Firstly, Whitney was able to satisfy the little pup’s suckling instincts by giving him a binky comforter. Then, as his new mommy saw a fighter in him, Whitney gave the dog an appropriate name. She called him Bronson, inspired by the movie in which Tom Hardy plays one of Britain’s toughest prisoners, Charles Bronson.
Whitney also became an attentive mother to the “little chocolate bean,” bringing Bronson with her to the clinic in order to maintain his feeding schedule. After all, the disabled pooch took his food every two hours by either tube or syringe.
And, as Bronson grew, he ditched the binky in exchange for suckling on Whitney’s fingers. Whitney later described this activity as a “true bonding experience.” His mommy further had to play with him lots in order to keep him active because his cleft palette meant that he couldn’t have chew toys.
But what did Whitney’s colleagues think? “Bronson’s cleft palate was a particularly bad one – it extended from his hard all the way to his soft palate,” Whitney wrote. “The surgeon I worked with was a little skeptical about my taking this type of genetic defect on, [but also wanted] to see how [Bronson] would do.”
The surgeon also kept tabs on Bronson’s cleft palate to decide when was the best time for surgery. Still, the little Labrador got up to all kinds of mischief. In fact, Whitney was no match for the quick puppy, as he loved to put whatever he could in his mouth.
Mind you, this obsession might have had something to do with him moving from his milk feeds to blended food. “As he grew, it became a trial and error session of coming up with the perfect concoction of canned food that would go through the red tube easily,” Whitney wrote.

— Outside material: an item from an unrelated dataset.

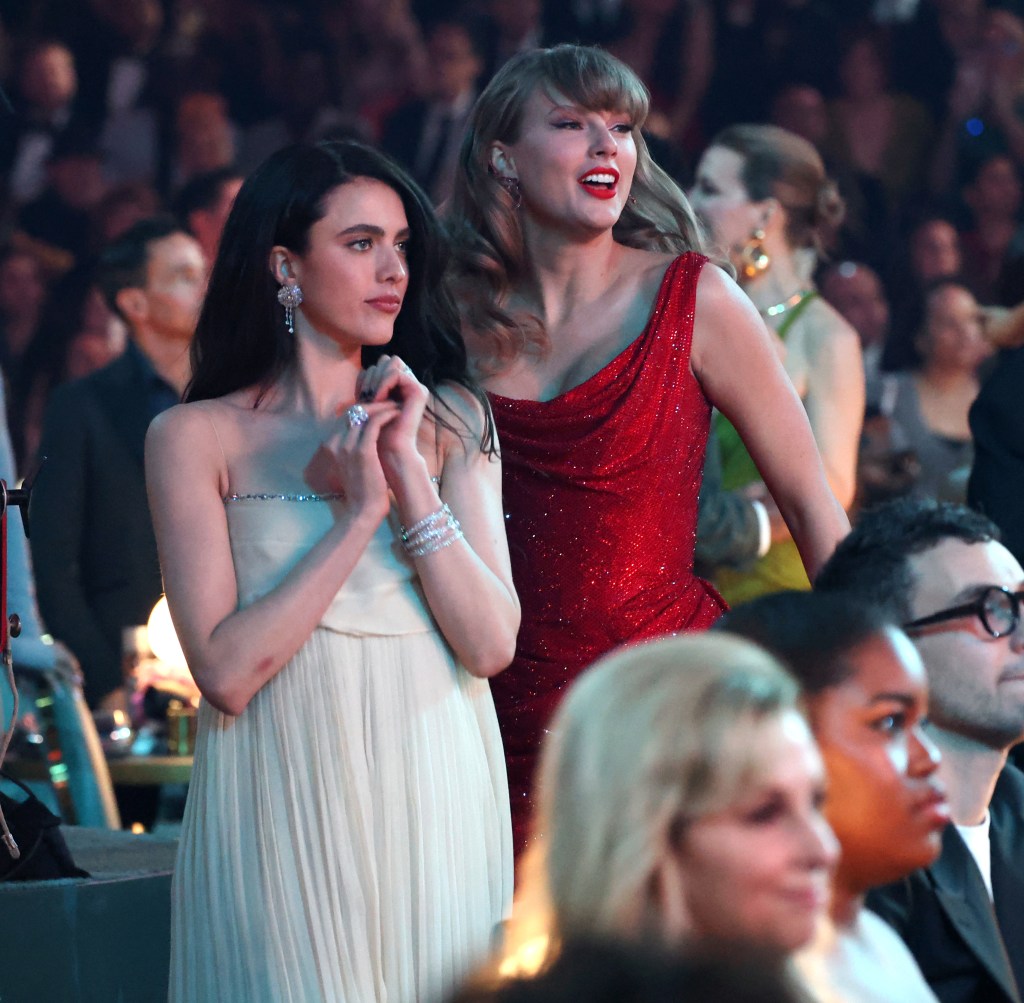 Taylor Swift and Margaret Qualley at February 2025 Grammys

What’s more, as Bronson’s cleft palate became larger with age, it became more of a problem keeping things out of the inquisitive dog’s mouth. “I always had my hands in his mouth pulling everything out. I was super careful, but he was quick,” Whitney wrote.
In fact, Bronson had been sedated three times to remove objects stuck in his cleft, and Whitney was now preparing to switch him to solid foods. Needless to say, then, Bronson’s mommy was getting anxious for his corrective surgery. Even still, the surgeon didn’t think that the puppy was ready.
In the end, Bronson’s surgery day came when he was nearly a year old. “This was almost an end to him being a sheltered, highly energetic lab with sinus infections and bloody sneezing. Overall, he had done quite well and most of the veterinarians were shocked that he did as well as he did,” Whitney wrote.
So on Whitney’s 31st birthday it was surgery time for the chocolate bean, and his mommy was beside him for the operation. “The surgeon explained to me (as I watched), that he was literally going to lift the skin from the right side, flip it to the left, tuck it, and suture it [but it] was much more complex than that,” she wrote.
Still, the plucky little pooch was a fighter, like his namesake, and he came through the operation with flying colors. In fact, the surgery may have been harder on Whitney as she anxiously waited to see if the procedure would take. “It was extremely nerve-wrecking the first weeks,” she admitted. “Luckily, he did fine.”
Whitney was rightly showered with praise online for the love and dedication she showed in giving a doomed puppy a chance at life. “I have a cleft lip and palate, and I am human. It is a nightmare to deal with. You’re a hero for not giving up on this dog,” wrote one touched commenter.
Indeed, the now three-year-old lab has a new lease on life, and his mom couldn’t be happier. “He is able to play with toys, chew on raw hides, swim in lakes, go on walks, bring me sticks… basically live the rest of his life as a perfectly normal lab,” she concluded. “I love my dogs.”